Stored data: Begin

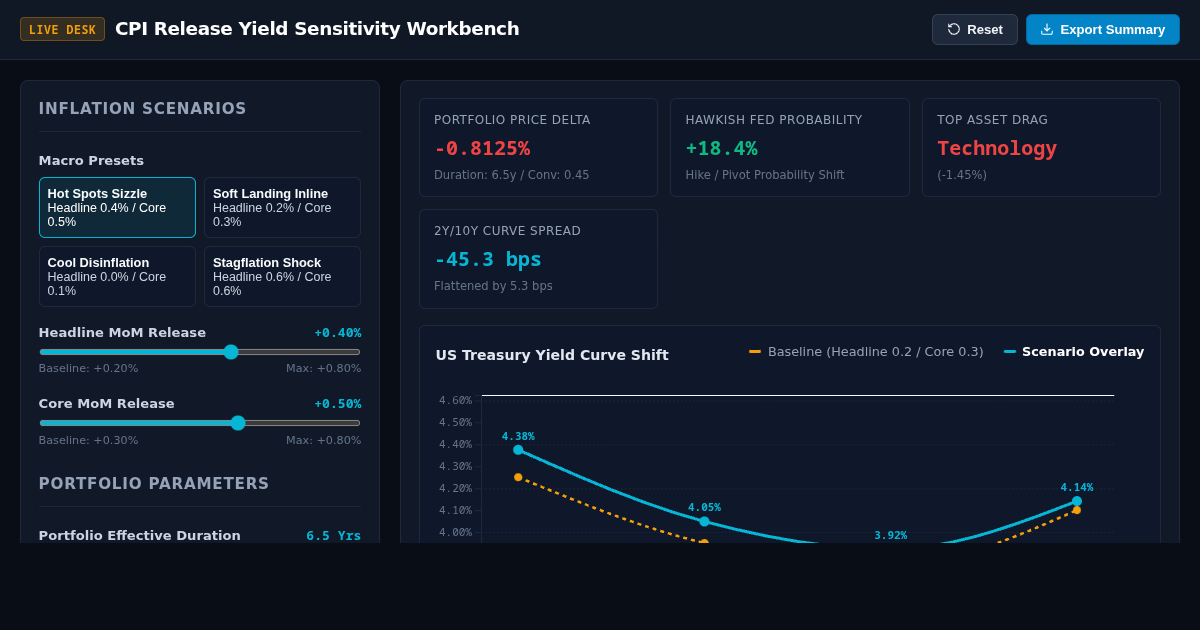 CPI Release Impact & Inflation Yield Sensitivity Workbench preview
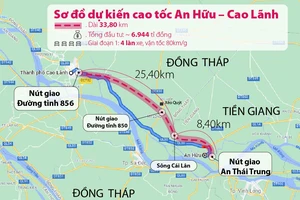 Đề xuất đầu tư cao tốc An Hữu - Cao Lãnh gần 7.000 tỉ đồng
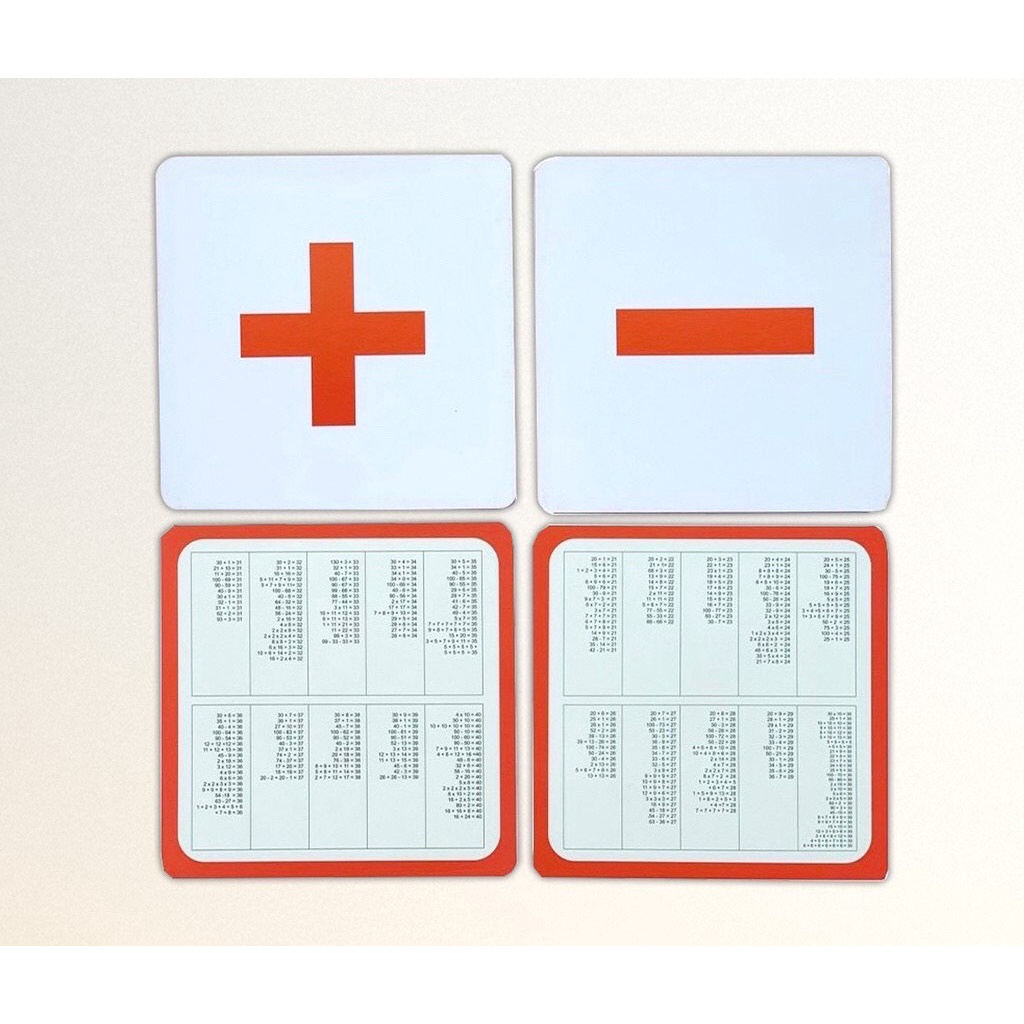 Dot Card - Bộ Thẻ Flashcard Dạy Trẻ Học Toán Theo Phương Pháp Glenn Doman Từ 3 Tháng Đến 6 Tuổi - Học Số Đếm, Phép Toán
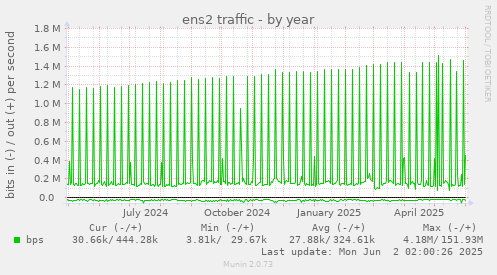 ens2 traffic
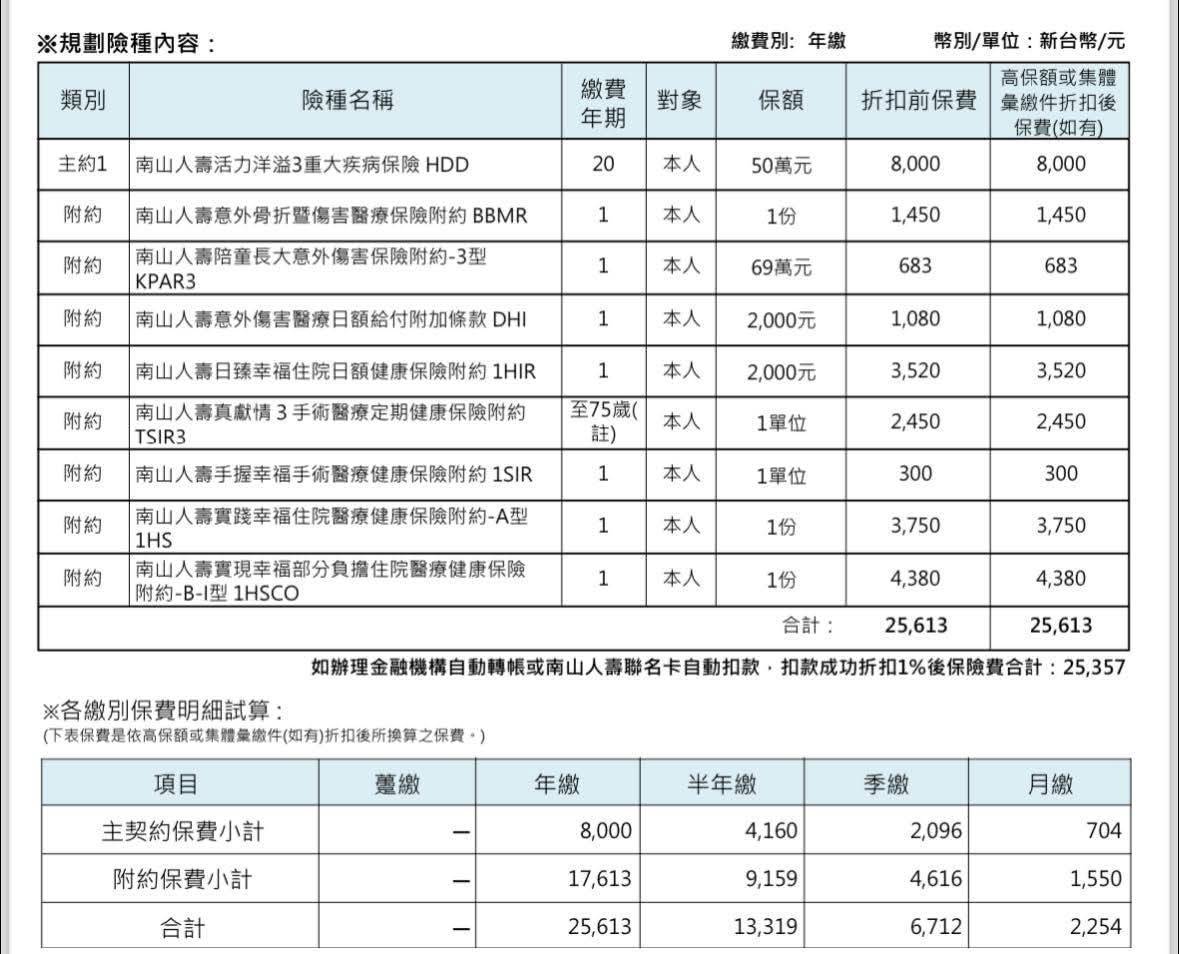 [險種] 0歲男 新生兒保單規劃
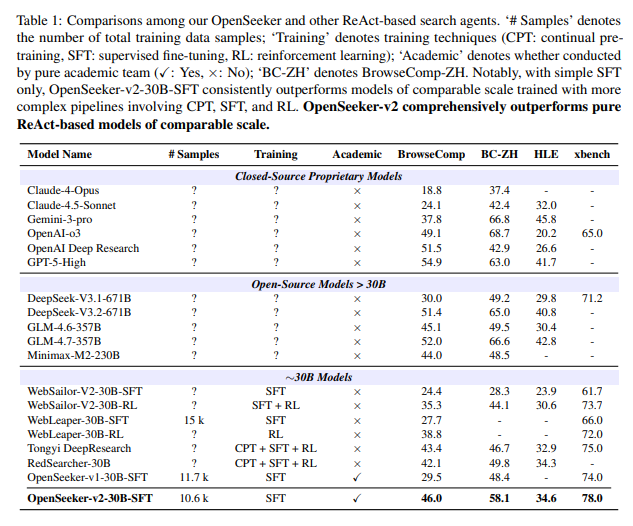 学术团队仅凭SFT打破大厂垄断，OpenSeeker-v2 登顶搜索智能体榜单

Stored data: End

- **Work request**: Keeping the pictures out, print the entries above exactly as written.

- **Solution**:
 CPI Release Impact & Inflation Yield Sensitivity Workbench preview
 Đề xuất đầu tư cao tốc An Hữu - Cao Lãnh gần 7.000 tỉ đồng
 Dot Card - Bộ Thẻ Flashcard Dạy Trẻ Học Toán Theo Phương Pháp Glenn Doman Từ 3 Tháng Đến 6 Tuổi - Học Số Đếm, Phép Toán
 ens2 traffic
 [險種] 0歲男 新生兒保單規劃
 学术团队仅凭SFT打破大厂垄断，OpenSeeker-v2 登顶搜索智能体榜单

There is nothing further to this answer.